The next major ESG opportunity for investors in Europe

In recent years, institutional investors have demonstrated their formidable influence, as companies respond to investor environmental, social and governance demands and governments take note of forceful investor calls to action. Europe’s leading investors have been especially active, stepping to the vanguard to address the climate crisis with a sense of urgency and injection of ambition.

As Europe pursues its bold “Green Deal,” European investors have a powerful chance to help address a climate blind spot and policy vacuum to ensure worthy climate goals are not derailed. Investors can do so in a way that generates shareholder value while mitigating one of the largest near-term sources of climate risk. The opportunity lies in addressing methane emissions from the global oil and gas industry, which emits more than 75 million metric tons of the greenhouse gas every year.

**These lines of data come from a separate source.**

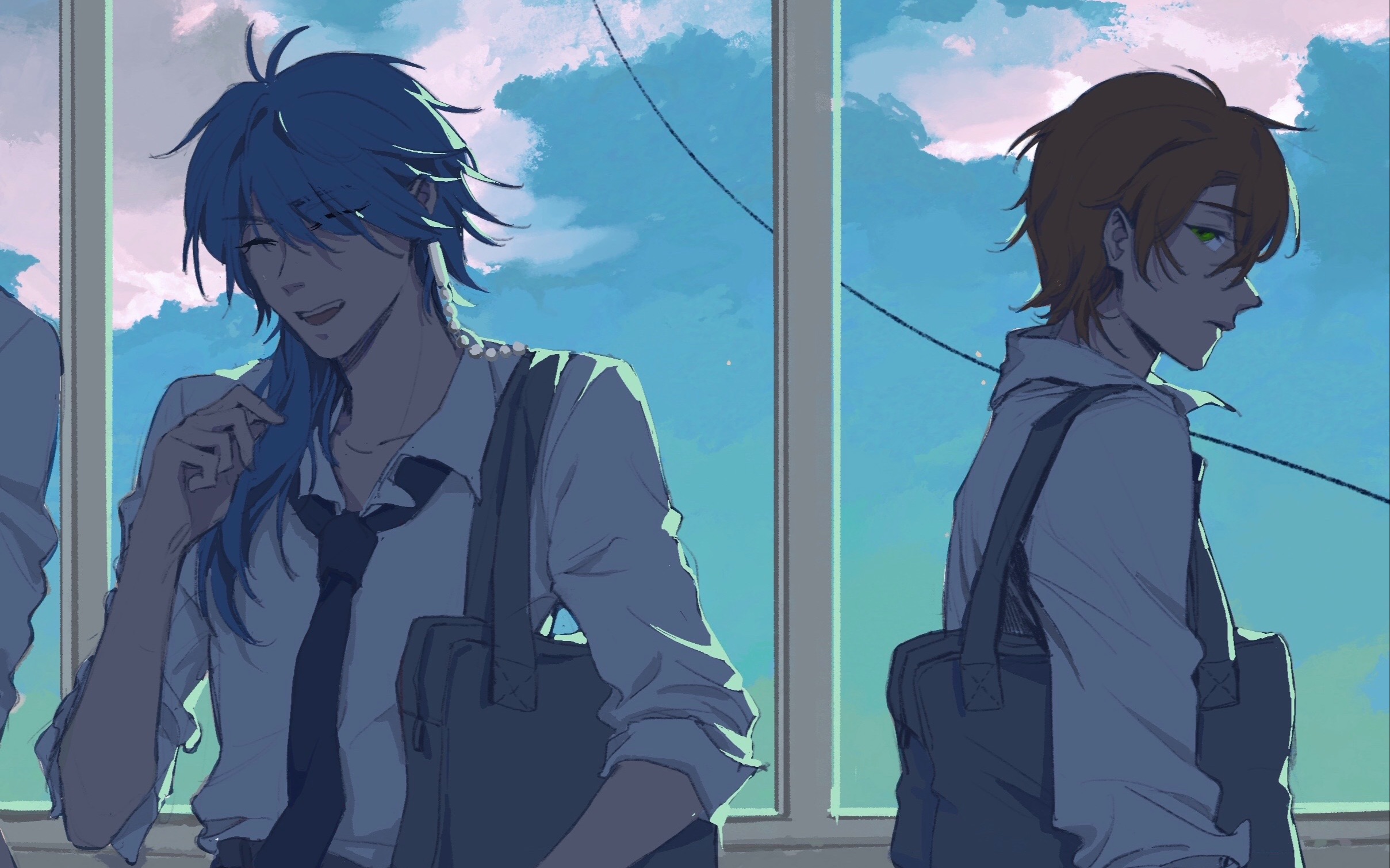 『帝幻』如果17岁的你我相遇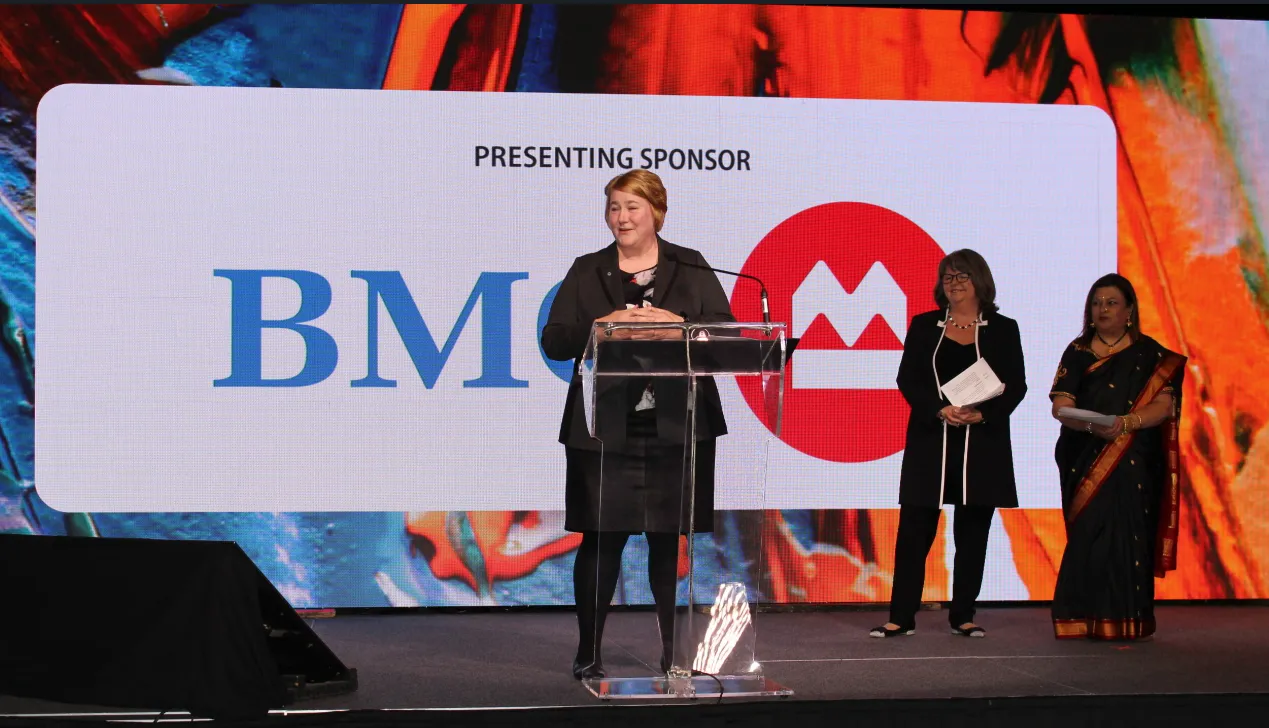 BMO Sponsor of WOE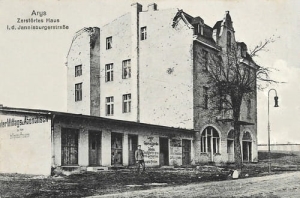 Orzysz Arys Ostpr. - Reprodukcja  9244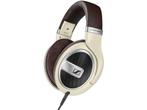 Sennheiser HD 599 - Over-Ear - Open klankkast - Ivoor, Verzenden, Zo goed als nieuw
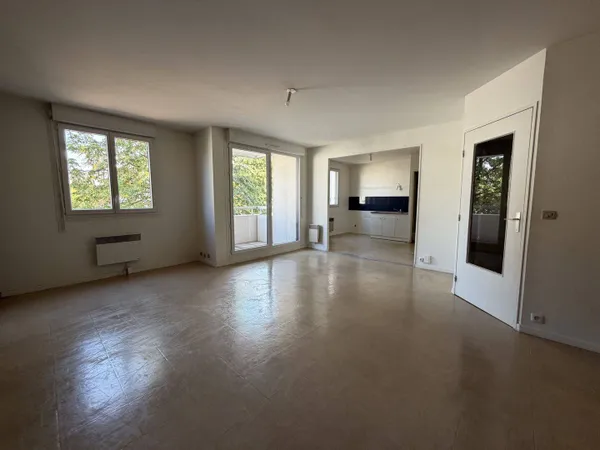 Appartement 4 pièces 87 m²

Europe is one of the world’s largest net importers of natural gas and can turn this climate liability into an opportunity to reduce emissions well beyond Europe’s shores. The opportunity presented is significant: if the global oil and gas industry reduced methane emissions by 45% by 2025, it would deliver the same near-term benefit to the climate as closing 1,300 coal-fired power plants — one-third of all the coal plants in the world.

Many of Europe’s investors have been among the most active on methane for years, recognizing it as a material ESG risk to their portfolios, albeit one that can be managed with cost-effective existing technologies. While there has been some encouraging voluntary action by a small group of companies, what’s missing now is government policies to get solutions to scale, fast.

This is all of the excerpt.